Then a team from BBC Russian joined the search.
Even though we have worked for years on Soviet and wartime archives, this case presented a particular challenge.
Tom had signed his name in English, and it was not clear how it would have been rendered in Russian, the language used in official documents across the USSR at the time.
We checked dozens of records and hundreds of spelling variations, gradually narrowing the search using details he had recorded in his diary.
From those entries, it appeared he was about 30 when he was mobilised in 1941, had fought and been captured on the territory of present-day Ukraine, and may have had Central Asian origins.
The search was then narrowed to one likely match: Bokejon Akramov, born in 1910 and mobilised from Namangan, in what is now Uzbekistan.

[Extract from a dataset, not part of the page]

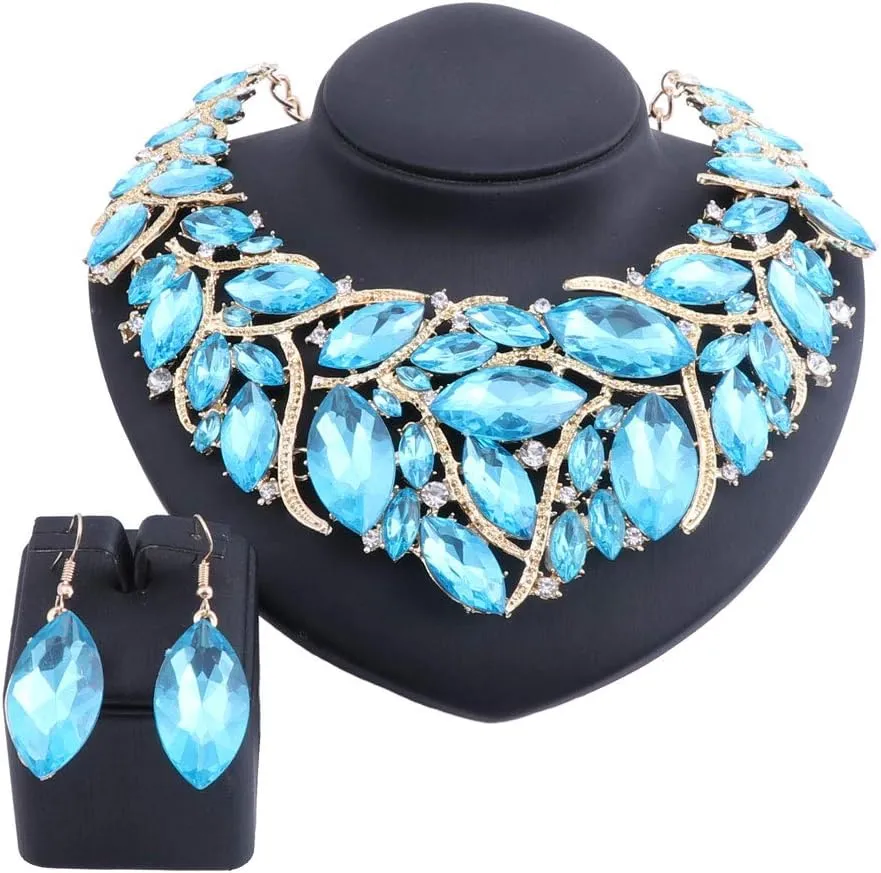 African Beads Jewelry Sets Women Bridal Crystal Statement Necklace Earring Jewelry Sets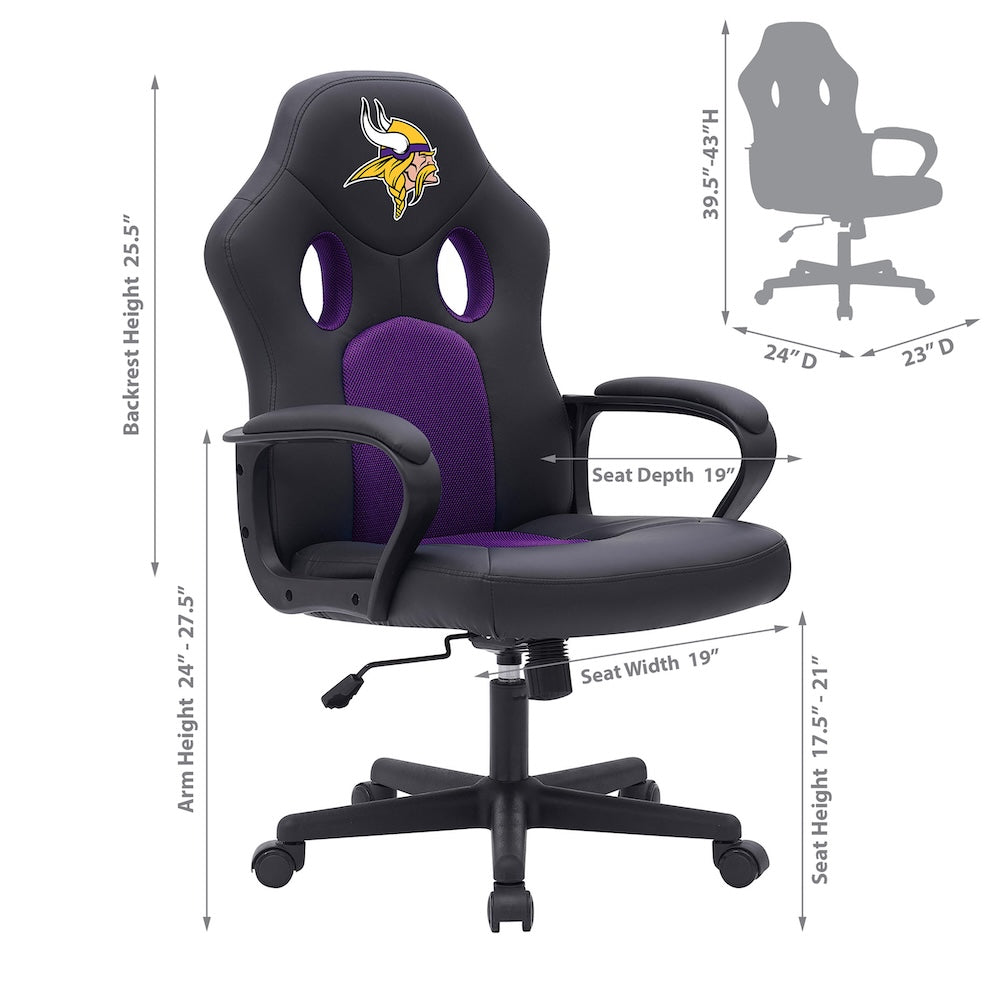 Minnesota Vikings Office Gamer Chair Dimensions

We found an entry showing that he had been awarded the Order of the Patriotic War decades later. Crucially, that record included a home address.
At this point a team from BBC Uzbek joined the search and travelled to Namangan to check the address, hoping someone there might remember Bokejon or recognise him from the photographs preserved by the Le Breton family.
"How come you have my grandfather's pictures? Where did you get them from?" asked a man who opened the door to the BBC.
His name was Shamsutdin Akhunbaev and he was Bokejon Akramov's grandson.
As he listened to the story behind the wartime photographs, Akhunbaev was moved to tears.
According to the family, Bokejon had rarely spoken of his experiences in World War Two.
But one thing had always puzzled them. Despite clearly being intelligent and capable, he was repeatedly refused skilled or sensitive jobs. For many years, he had worked as a gardener at a factory in Namangan.
It now seems possible that his wartime captivity cast a shadow over his working life too.
Bokejon Akramov died in 1996, after what his family said was a long and happy life. His daughter has also since died.
The BBC helped organise a video call between his family in Uzbekistan and Dulcie Le Breton, who still lives on Jersey.
"Dear Dulcie, we thank your family for your courage and kindness," Shamsutdin Akramov told her. "Our grandfather survived the war and gave us life only because of you. We are so happy that we found you. We invite you to Uzbekistan and will always be waiting for you in our home."
"My parents did what they did simply because it was the right thing to do," Dulcie Le Breton replied. "And they were far from the only people in Jersey who helped Soviet soldiers. There were dozens of such stories, and I would very much like people to know and remember them all."
After learning of the story, the authorities in Uzbekistan decided to posthumously award John and Phyllis Le Breton the Order of Friendship - one of the highest state awards - for their "courage and compassion".
The Order of Friendship will be awarded to Dulcie Le Breton on Wednesday.